Biomedical Informatics Group, Facultad de Informática, Departamento de Inteligencia Artificial, Universidad Politécnica de Madrid, Campus de Montegancedo, s/n, 28660 Madrid, Spain.
BMC Med Inform Decis Mak. 2012 Apr 5;12:29. doi: 10.1186/1472-6947-12-29.
Over the last few decades, the ever-increasing output of scientific publications has led to new challenges to keep up to date with the literature. In the biomedical area, this growth has introduced new requirements for professionals, e.g., physicians, who have to locate the exact papers that they need for their clinical and research work amongst a huge number of publications. Against this backdrop, novel information retrieval methods are even more necessary. While web search engines are widespread in many areas, facilitating access to all kinds of information, additional tools are required to automatically link information retrieved from these engines to specific biomedical applications. In the case of clinical environments, this also means considering aspects such as patient data security and confidentiality or structured contents, e.g., electronic health records (EHRs). In this scenario, we have developed a new tool to facilitate query building to retrieve scientific literature related to EHRs.
We have developed CDAPubMed, an open-source web browser extension to integrate EHR features in biomedical literature retrieval approaches. Clinical users can use CDAPubMed to: (i) load patient clinical documents, i.e., EHRs based on the Health Level 7-Clinical Document Architecture Standard (HL7-CDA), (ii) identify relevant terms for scientific literature search in these documents, i.e., Medical Subject Headings (MeSH), automatically driven by the CDAPubMed configuration, which advanced users can optimize to adapt to each specific situation, and (iii) generate and launch literature search queries to a major search engine, i.e., PubMed, to retrieve citations related to the EHR under examination.

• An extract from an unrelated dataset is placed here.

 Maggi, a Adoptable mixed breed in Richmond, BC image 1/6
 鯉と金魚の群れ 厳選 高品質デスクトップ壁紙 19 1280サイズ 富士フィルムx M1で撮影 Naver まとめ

CDAPubMed is a platform-independent tool designed to facilitate literature searching using keywords contained in specific EHRs. CDAPubMed is visually integrated, as an extension of a widespread web browser, within the standard PubMed interface. It has been tested on a public dataset of HL7-CDA documents, returning significantly fewer citations since queries are focused on characteristics identified within the EHR. For instance, compared with more than 200,000 citations retrieved by breast neoplasm, fewer than ten citations were retrieved when ten patient features were added using CDAPubMed. This is an open source tool that can be freely used for non-profit purposes and integrated with other existing systems.
在过去的几十年中,科学出版物的产量不断增加,给人们跟上文献的步伐带来了新的挑战。在生物医学领域,这种增长对专业人员提出了新的要求,例如医生,他们必须在大量出版物中找到他们在临床和研究工作中所需的确切论文。在此背景下,新型信息检索方法变得更加必要。虽然网络搜索引擎在许多领域都得到了广泛应用,方便了各种信息的获取,但还需要额外的工具来自动将从这些引擎中检索到的信息与特定的生物医学应用联系起来。在临床环境中,这还意味着要考虑患者数据的安全性和保密性或结构化内容,例如电子健康记录 (EHR)。在这种情况下,我们开发了一种新工具,以方便构建查询来检索与 EHR 相关的科学文献。
我们开发了 CDAPubMed,这是一种开源的 Web 浏览器扩展,可将 EHR 功能集成到生物医学文献检索方法中。临床用户可以使用 CDAPubMed:(i) 加载患者临床文档,即基于健康水平 7-临床文档架构标准 (HL7-CDA) 的 EHR,(ii) 在这些文档中为科学文献搜索识别相关术语,即医学主题词 (MeSH),这是由 CDAPubMed 配置自动驱动的,高级用户可以优化配置以适应每个特定情况,以及 (iii) 生成并向主要搜索引擎,即 PubMed,发起文献搜索查询,以检索与正在检查的 EHR 相关的引文。
CDAPubMed 是一个与平台无关的工具,旨在使用特定 EHR 中包含的关键字方便文献搜索。CDAPubMed 作为一个广泛使用的 Web 浏览器的扩展,在标准 PubMed 界面中进行了视觉集成。它已经在公共 HL7-CDA 文档数据集上进行了测试,由于查询集中在 EHR 中识别的特征,因此返回的引文数量明显减少。例如,与使用 CDAPubMed 时添加十个患者特征相比,检索乳腺癌的引文数超过 20 万,检索结果的引文数不到十个。这是一个开源工具,可免费用于非营利目的,并可与其他现有系统集成。